** EXTRACTED MATERIAL follows **

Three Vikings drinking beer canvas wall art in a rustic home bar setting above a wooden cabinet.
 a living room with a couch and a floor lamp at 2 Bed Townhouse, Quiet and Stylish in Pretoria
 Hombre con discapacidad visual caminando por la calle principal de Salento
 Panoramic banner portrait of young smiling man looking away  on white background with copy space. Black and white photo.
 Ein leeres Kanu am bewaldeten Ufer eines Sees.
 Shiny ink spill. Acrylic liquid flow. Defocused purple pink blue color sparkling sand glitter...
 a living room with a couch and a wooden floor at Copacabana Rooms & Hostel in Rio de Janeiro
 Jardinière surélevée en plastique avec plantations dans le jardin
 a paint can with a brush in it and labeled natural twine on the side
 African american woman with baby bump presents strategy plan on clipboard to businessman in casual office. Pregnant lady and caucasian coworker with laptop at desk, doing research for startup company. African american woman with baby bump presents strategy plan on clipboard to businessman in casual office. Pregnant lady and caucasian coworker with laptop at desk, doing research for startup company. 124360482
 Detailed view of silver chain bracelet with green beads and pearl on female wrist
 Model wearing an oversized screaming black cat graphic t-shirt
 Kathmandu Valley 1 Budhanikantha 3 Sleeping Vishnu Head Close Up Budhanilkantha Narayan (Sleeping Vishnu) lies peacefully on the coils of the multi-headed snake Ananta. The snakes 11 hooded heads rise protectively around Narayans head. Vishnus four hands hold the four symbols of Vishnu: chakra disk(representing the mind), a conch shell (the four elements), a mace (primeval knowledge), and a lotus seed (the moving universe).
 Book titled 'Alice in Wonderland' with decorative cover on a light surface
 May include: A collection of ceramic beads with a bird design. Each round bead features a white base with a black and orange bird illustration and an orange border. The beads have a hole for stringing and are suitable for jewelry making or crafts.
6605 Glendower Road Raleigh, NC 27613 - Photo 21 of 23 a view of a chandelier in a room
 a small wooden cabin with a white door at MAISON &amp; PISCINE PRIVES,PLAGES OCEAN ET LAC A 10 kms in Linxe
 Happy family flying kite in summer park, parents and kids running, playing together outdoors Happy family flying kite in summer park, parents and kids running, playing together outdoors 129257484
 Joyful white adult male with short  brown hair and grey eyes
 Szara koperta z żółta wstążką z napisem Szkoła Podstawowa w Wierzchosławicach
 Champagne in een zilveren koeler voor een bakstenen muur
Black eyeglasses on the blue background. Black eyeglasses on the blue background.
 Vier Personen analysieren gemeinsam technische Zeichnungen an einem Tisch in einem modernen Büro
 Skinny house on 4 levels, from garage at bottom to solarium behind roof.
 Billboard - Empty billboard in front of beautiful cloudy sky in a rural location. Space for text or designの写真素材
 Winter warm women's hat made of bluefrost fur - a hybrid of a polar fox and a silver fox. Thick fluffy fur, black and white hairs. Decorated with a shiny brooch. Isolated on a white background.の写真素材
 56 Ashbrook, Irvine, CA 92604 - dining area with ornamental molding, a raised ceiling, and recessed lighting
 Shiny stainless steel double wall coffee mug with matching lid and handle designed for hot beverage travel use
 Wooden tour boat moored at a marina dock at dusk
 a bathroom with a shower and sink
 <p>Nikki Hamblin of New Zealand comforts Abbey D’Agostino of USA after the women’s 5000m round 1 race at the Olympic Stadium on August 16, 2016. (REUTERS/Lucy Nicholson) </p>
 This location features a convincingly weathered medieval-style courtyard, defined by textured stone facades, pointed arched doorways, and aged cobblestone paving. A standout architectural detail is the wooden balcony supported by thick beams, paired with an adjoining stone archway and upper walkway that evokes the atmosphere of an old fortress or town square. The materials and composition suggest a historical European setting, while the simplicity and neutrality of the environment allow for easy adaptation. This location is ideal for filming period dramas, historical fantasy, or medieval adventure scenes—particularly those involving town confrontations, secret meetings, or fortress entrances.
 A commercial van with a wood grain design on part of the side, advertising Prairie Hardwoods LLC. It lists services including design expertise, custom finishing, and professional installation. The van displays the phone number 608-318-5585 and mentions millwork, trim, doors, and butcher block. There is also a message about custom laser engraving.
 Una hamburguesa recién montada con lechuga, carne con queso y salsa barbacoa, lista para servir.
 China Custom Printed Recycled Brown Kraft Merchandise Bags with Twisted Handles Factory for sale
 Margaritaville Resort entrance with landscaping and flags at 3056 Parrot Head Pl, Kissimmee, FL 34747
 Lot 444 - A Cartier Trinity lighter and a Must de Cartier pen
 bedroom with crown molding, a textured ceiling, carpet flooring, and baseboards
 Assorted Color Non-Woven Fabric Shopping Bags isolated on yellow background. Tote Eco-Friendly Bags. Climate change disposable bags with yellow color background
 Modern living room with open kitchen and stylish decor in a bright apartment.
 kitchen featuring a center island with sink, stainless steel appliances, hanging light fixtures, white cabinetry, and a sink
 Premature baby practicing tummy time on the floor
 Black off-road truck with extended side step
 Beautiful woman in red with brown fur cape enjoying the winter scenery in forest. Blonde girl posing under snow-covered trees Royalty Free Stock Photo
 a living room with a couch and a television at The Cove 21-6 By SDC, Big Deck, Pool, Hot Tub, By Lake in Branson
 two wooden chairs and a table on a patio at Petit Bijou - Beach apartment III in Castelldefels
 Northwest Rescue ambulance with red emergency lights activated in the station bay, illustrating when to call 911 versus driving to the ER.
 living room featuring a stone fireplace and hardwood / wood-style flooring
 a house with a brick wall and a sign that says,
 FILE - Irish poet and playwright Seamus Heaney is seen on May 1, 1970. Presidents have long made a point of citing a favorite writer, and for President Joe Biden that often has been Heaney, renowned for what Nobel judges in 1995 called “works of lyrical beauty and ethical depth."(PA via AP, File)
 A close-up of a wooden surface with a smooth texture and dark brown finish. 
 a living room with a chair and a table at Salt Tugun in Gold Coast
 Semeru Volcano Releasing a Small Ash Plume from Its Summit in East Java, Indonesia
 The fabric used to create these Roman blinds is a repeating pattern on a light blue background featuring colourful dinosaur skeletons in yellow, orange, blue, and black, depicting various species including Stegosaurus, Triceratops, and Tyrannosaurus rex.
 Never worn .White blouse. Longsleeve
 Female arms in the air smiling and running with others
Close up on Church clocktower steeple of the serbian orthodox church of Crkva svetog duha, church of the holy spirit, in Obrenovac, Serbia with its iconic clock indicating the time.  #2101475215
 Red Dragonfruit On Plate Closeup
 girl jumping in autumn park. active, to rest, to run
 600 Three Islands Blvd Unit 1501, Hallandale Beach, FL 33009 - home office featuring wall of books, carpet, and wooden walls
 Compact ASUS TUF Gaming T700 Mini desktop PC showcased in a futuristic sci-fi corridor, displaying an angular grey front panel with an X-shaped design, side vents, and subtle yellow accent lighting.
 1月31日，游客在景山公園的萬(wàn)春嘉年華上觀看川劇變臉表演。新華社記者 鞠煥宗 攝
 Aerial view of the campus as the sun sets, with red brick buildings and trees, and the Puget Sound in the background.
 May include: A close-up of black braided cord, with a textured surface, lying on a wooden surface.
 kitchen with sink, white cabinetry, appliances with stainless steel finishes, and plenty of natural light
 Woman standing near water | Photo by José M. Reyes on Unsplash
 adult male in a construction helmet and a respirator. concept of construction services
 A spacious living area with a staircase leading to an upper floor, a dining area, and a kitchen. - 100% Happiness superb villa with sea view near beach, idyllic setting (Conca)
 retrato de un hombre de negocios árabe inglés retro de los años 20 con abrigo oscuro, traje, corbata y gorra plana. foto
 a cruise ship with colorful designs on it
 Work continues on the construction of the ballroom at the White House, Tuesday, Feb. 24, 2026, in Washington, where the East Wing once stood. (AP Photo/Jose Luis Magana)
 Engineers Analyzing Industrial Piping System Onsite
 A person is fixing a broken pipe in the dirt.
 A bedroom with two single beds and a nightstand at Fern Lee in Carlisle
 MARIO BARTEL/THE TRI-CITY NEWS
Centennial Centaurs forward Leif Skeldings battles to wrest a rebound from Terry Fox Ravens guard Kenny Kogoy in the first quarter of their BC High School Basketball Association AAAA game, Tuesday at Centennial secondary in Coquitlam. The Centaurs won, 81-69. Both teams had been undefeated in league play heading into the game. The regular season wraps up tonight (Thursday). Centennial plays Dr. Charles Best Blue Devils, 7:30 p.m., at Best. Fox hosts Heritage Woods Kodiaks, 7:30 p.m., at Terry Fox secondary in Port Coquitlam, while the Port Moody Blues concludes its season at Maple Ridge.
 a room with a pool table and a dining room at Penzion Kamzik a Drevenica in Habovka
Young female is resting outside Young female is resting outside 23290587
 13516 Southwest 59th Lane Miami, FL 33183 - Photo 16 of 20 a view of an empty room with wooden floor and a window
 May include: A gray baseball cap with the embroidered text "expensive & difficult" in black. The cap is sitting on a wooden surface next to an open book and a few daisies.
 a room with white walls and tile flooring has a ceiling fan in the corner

** End of EXTRACTED MATERIAL **

** YOUR OBJECTIVE **
From the entries above, print the lines beginning at the one with "Assorted Color Non-Woven" and stopping after the one with "Semeru Volcano Releasing", exactly as written and with nothing else.

** RESULT BELOW **
 Assorted Color Non-Woven Fabric Shopping Bags isolated on yellow background. Tote Eco-Friendly Bags. Climate change disposable bags with yellow color background
 Modern living room with open kitchen and stylish decor in a bright apartment.
 kitchen featuring a center island with sink, stainless steel appliances, hanging light fixtures, white cabinetry, and a sink
 Premature baby practicing tummy time on the floor
 Black off-road truck with extended side step
 Beautiful woman in red with brown fur cape enjoying the winter scenery in forest. Blonde girl posing under snow-covered trees Royalty Free Stock Photo
 a living room with a couch and a television at The Cove 21-6 By SDC, Big Deck, Pool, Hot Tub, By Lake in Branson
 two wooden chairs and a table on a patio at Petit Bijou - Beach apartment III in Castelldefels
 Northwest Rescue ambulance with red emergency lights activated in the station bay, illustrating when to call 911 versus driving to the ER.
 living room featuring a stone fireplace and hardwood / wood-style flooring
 a house with a brick wall and a sign that says,
 FILE - Irish poet and playwright Seamus Heaney is seen on May 1, 1970. Presidents have long made a point of citing a favorite writer, and for President Joe Biden that often has been Heaney, renowned for what Nobel judges in 1995 called “works of lyrical beauty and ethical depth."(PA via AP, File)
 A close-up of a wooden surface with a smooth texture and dark brown finish. 
 a living room with a chair and a table at Salt Tugun in Gold Coast
 Semeru Volcano Releasing a Small Ash Plume from Its Summit in East Java, Indonesia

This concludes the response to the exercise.